The Vancouver-based groups were instrumental in drafting the Vienna Declaration ahead of the 2010 AIDS conference scheduled for Vienna next month.
Dr. Evan Wood, an author of the declaration and the founder of the Centre for Science in Drug Policy, said the paper urges political leaders to put ideology aside and treat drug-use as a public-health crisis rather than a law enforcement issue.
"It makes the case quite forcefully that not only has drug-law enforcement failed to achieve its stated objectives in terms of reducing drug supply . . . but there is also a range of unintended consequences," said Wood. "If you look at countries that rely more on law enforcement to deal with drugs, you also see higher HIV rates among drug users."

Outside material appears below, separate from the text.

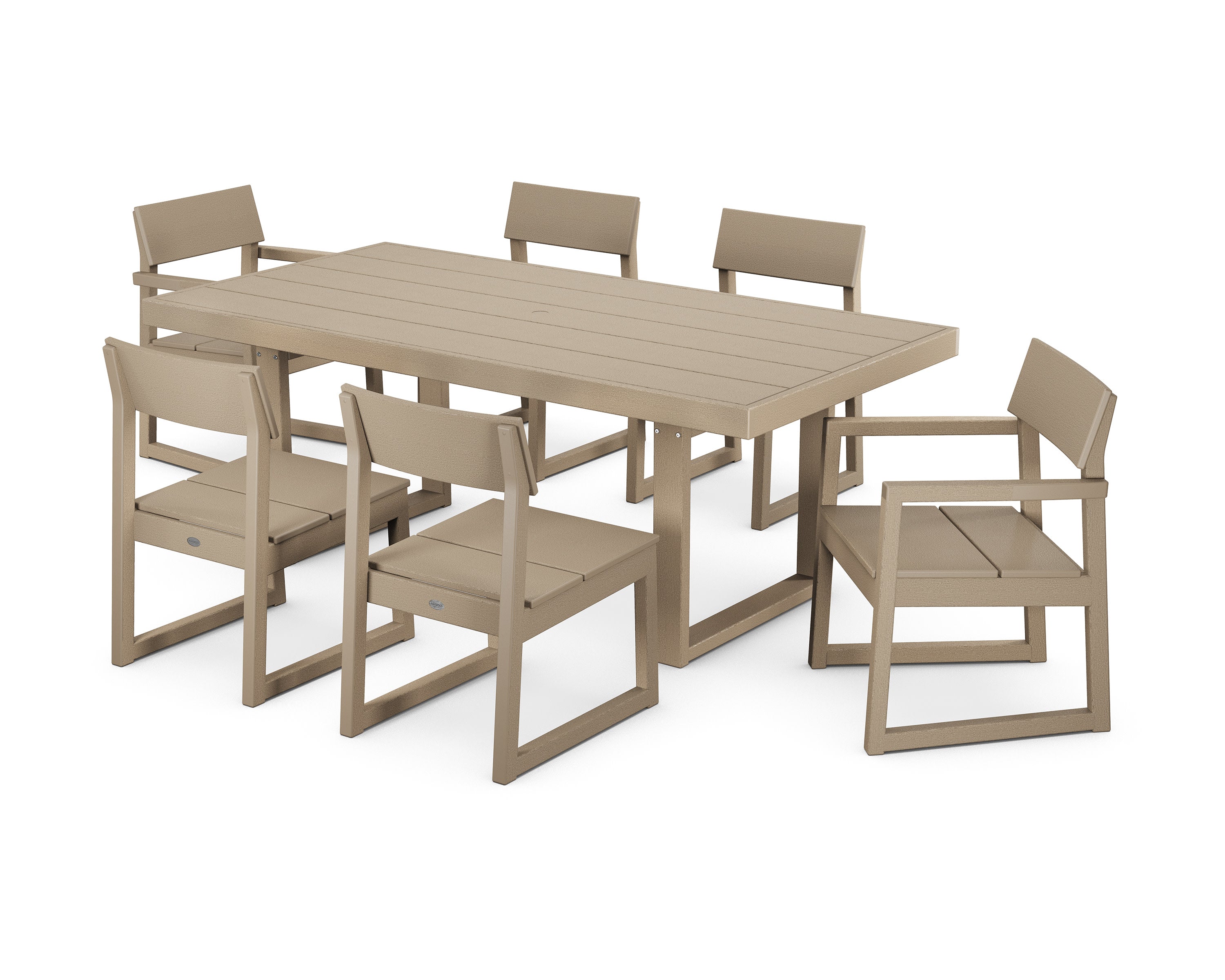 EDGE 7-Piece Dining Set in Vintage Sahara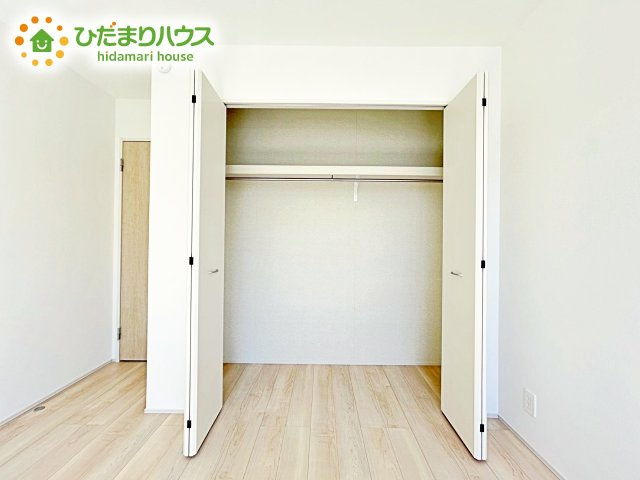 【収納】 | 水戸市見和3丁目169番　新築戸建　A号棟 | クローゼットには、衣類や日用品などを整理整頓して収納できますね！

Wood said HIV rates increase as intravenous drug users are literally forced into the shadows, where they are increasingly difficult to reach with public-health education and social services.
While Wood and his fellow researchers named in the declaration are hesitant to call their public health model "legalization," they advocate regulation of the drug trade and the decriminalization of the drug user, he said.
"I don't think your average person knows that marijuana is more accessible to young people than alcohol," said Wood, noting that Portugal has the lowest rate of marijuana use of all European Union countries after decriminalizing all drug use in 2001.
"Maybe all this emphasis on law enforcement just serves to glamorize these drugs . . . but, if we deal with this as a health issue, like we have with alcohol and tobacco, maybe we can have an impact on this problem."
Wood and his colleagues plan to track what influence the declaration has on world drug policy in preparation for next year's global AIDS conference in the United States.